Nothing but the lines from the one with "Leisure F.Z Hood M Grey Melange XS" through the end of the records may appear in the answer, each reproduced exactly, pictures omitted.

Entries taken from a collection
⁂

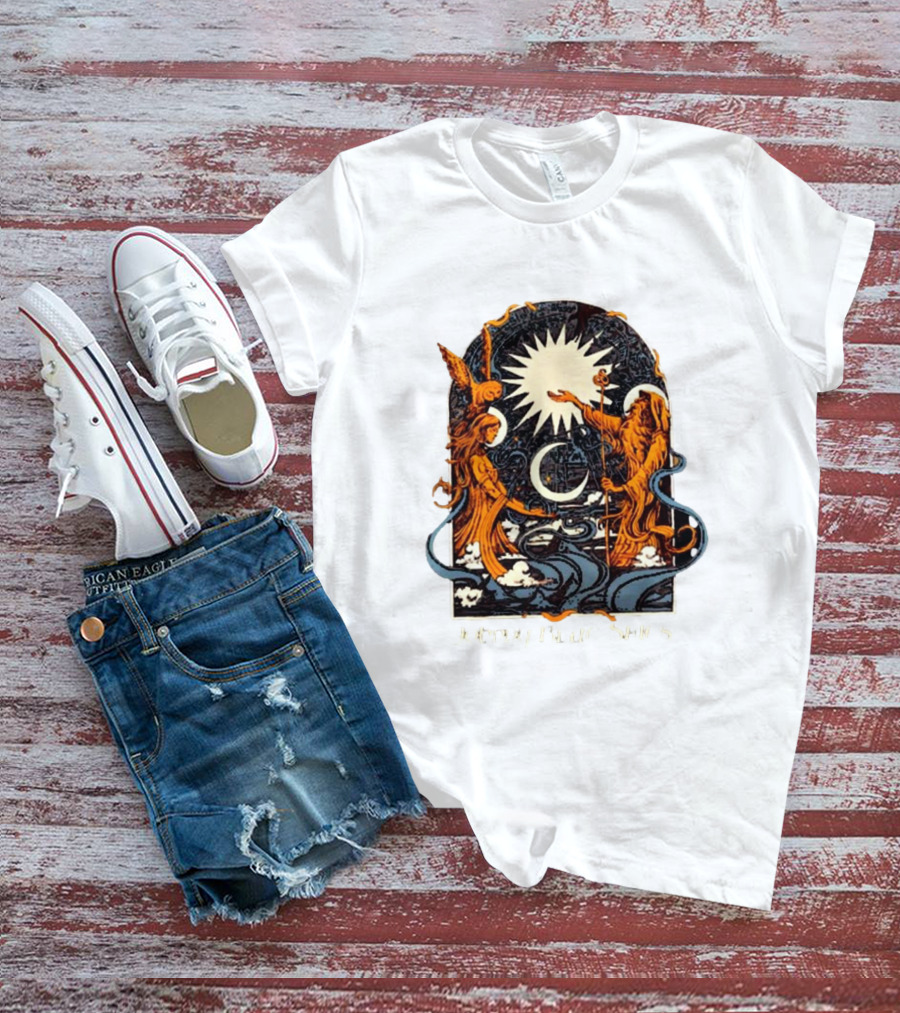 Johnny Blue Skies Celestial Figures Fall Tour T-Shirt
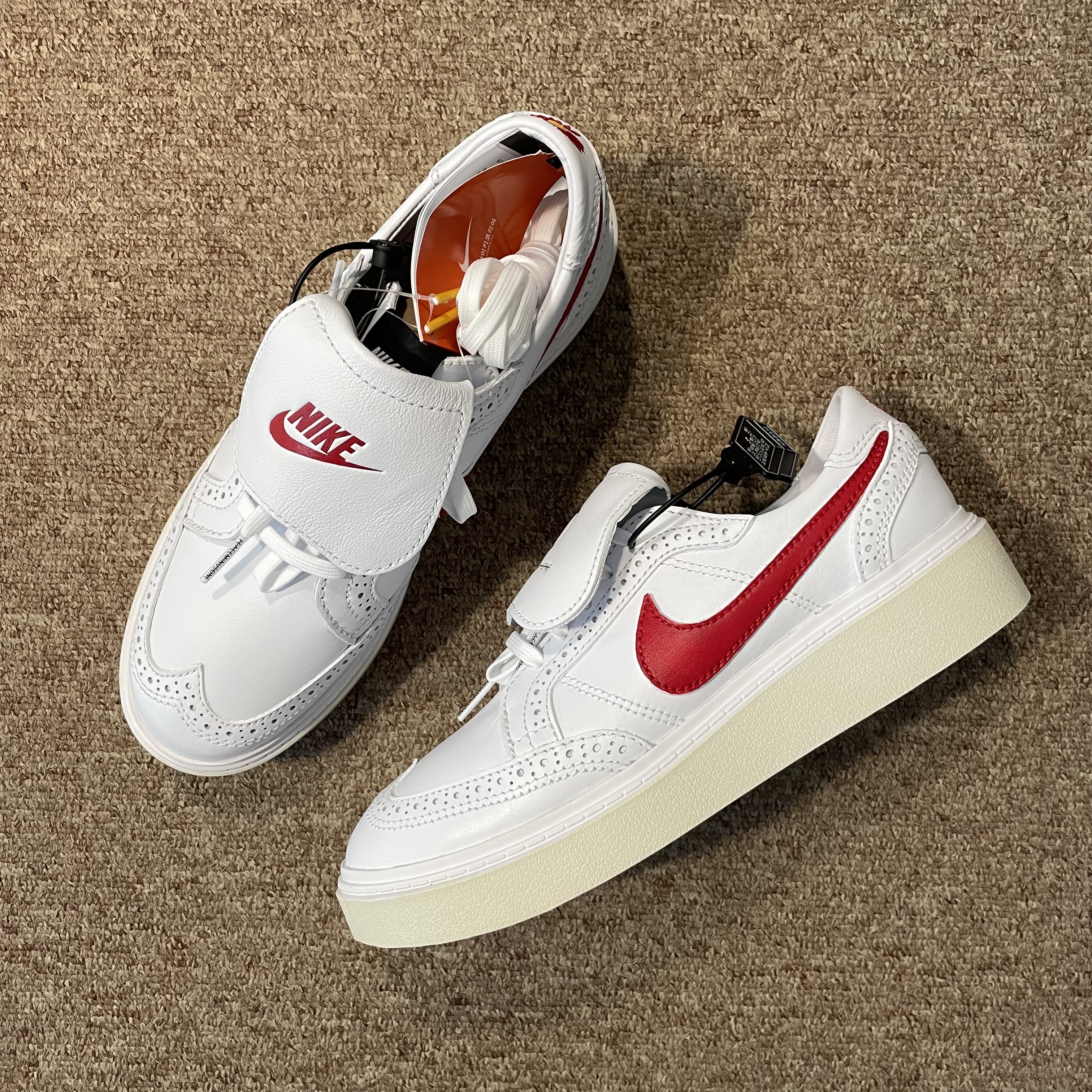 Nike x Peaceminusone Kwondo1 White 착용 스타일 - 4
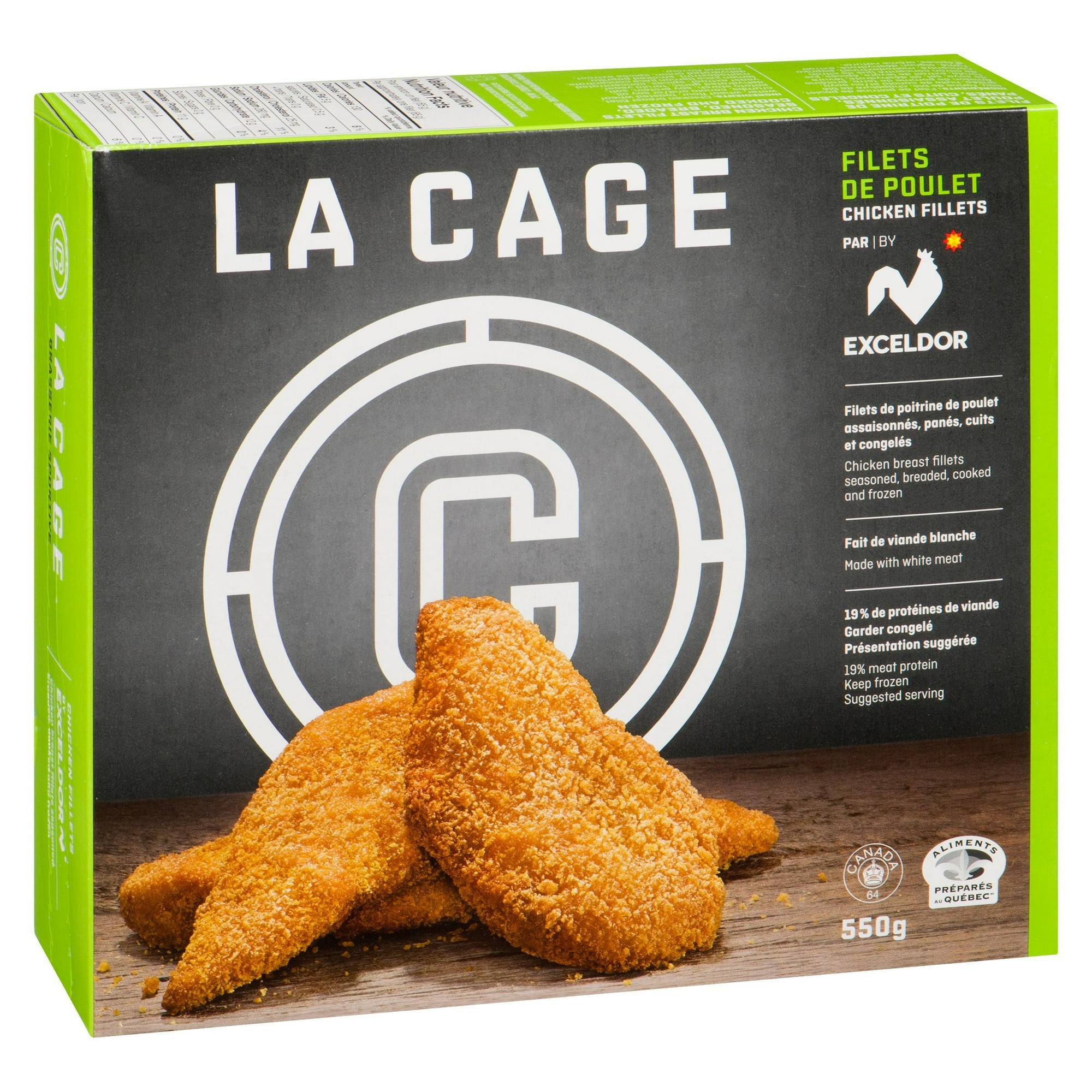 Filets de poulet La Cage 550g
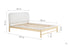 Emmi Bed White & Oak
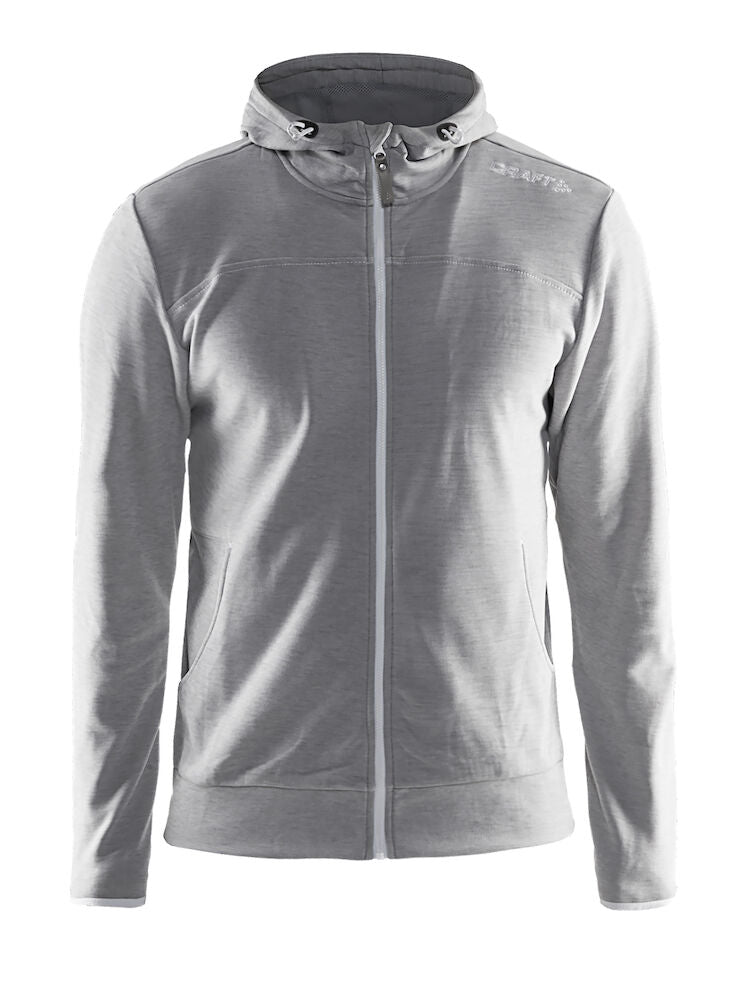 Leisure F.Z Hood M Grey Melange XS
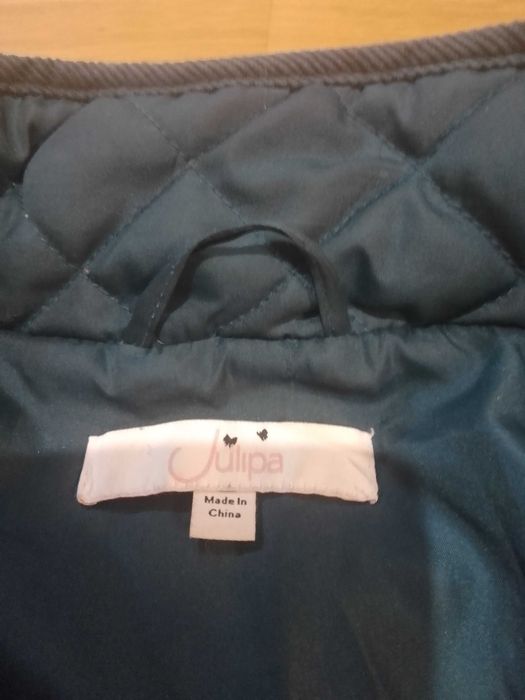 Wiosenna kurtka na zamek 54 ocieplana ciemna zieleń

⁂

Your response –
 Leisure F.Z Hood M Grey Melange XS
 Wiosenna kurtka na zamek 54 ocieplana ciemna zieleń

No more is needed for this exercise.